--- WORK ORDER ---
Using the data below, output a verbatim copy of the lines between the one holding "Red Skin Rash" and the one holding "Lavender Braces", inclusive, without any pictures.

--- DATA SUPPLIED ---
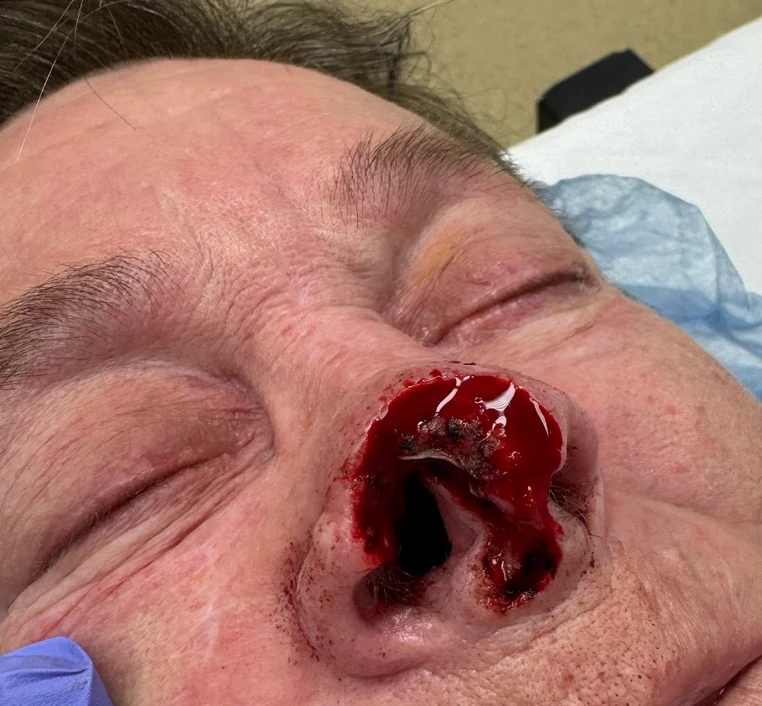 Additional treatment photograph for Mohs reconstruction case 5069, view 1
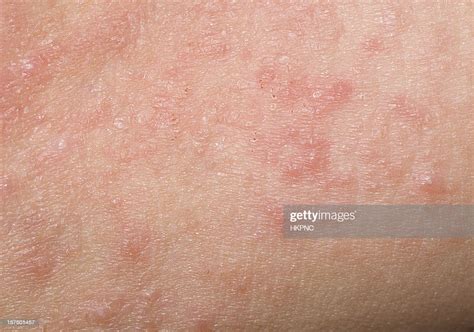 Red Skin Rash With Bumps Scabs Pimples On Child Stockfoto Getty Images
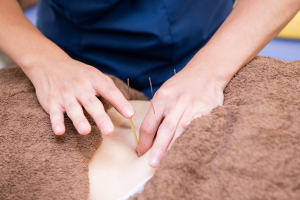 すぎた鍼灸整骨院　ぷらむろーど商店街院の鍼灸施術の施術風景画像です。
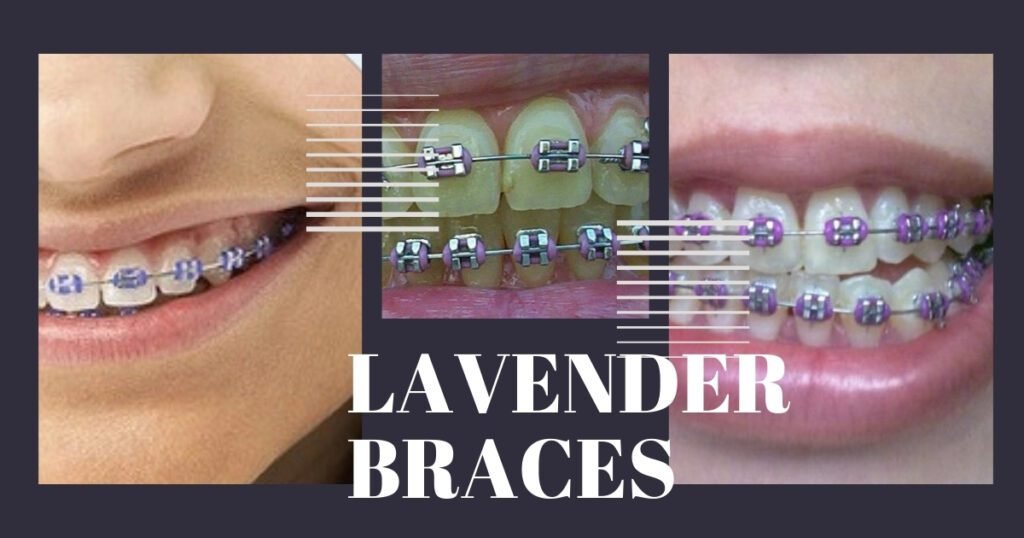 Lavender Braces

...

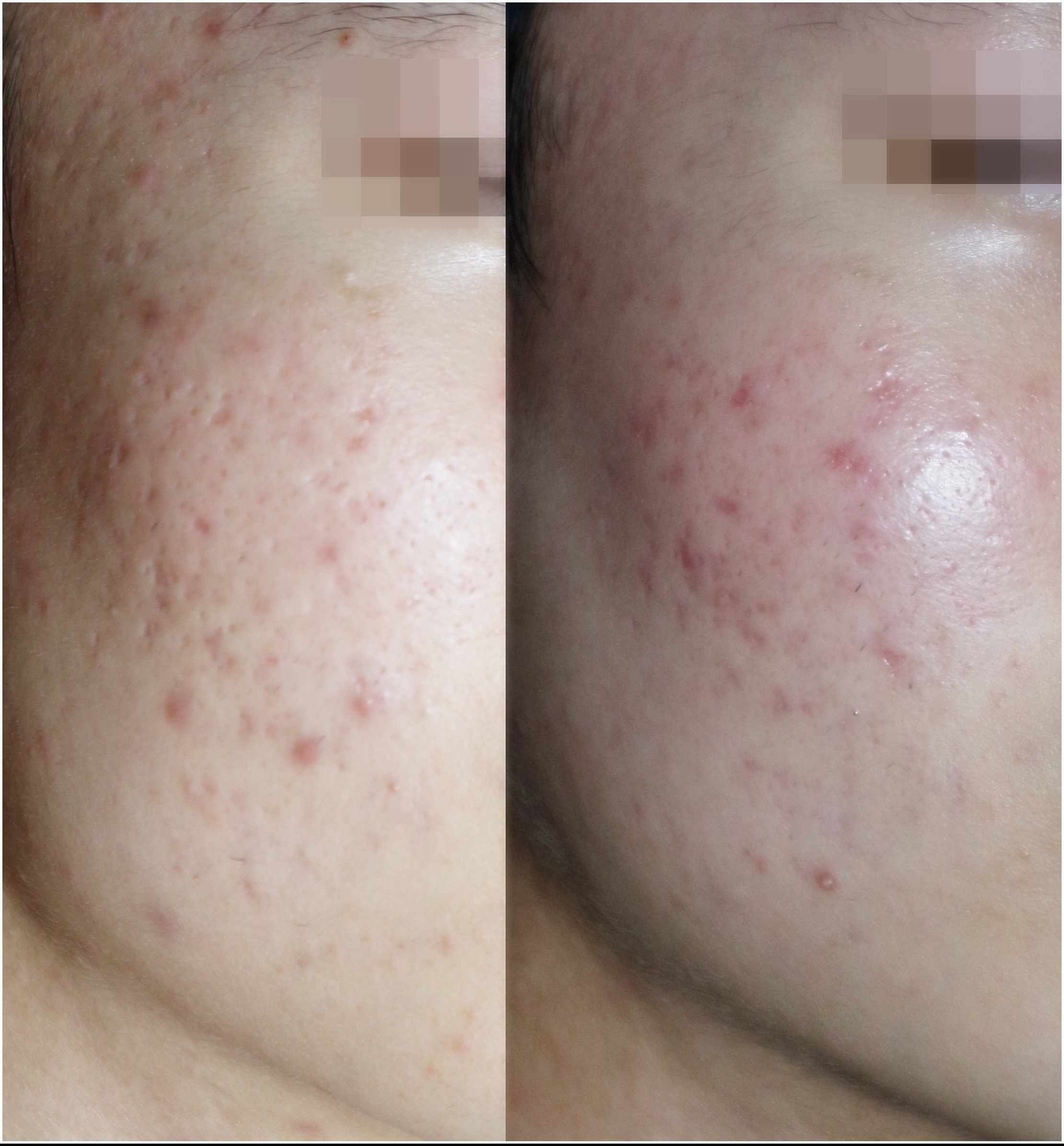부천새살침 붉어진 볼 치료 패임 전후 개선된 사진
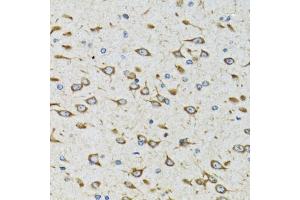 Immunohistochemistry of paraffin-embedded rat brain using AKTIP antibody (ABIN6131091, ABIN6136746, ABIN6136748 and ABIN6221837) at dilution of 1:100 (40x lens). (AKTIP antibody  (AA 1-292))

--- TASK SOLUTION ---
 Red Skin Rash With Bumps Scabs Pimples On Child Stockfoto Getty Images
 すぎた鍼灸整骨院　ぷらむろーど商店街院の鍼灸施術の施術風景画像です。
 Lavender Braces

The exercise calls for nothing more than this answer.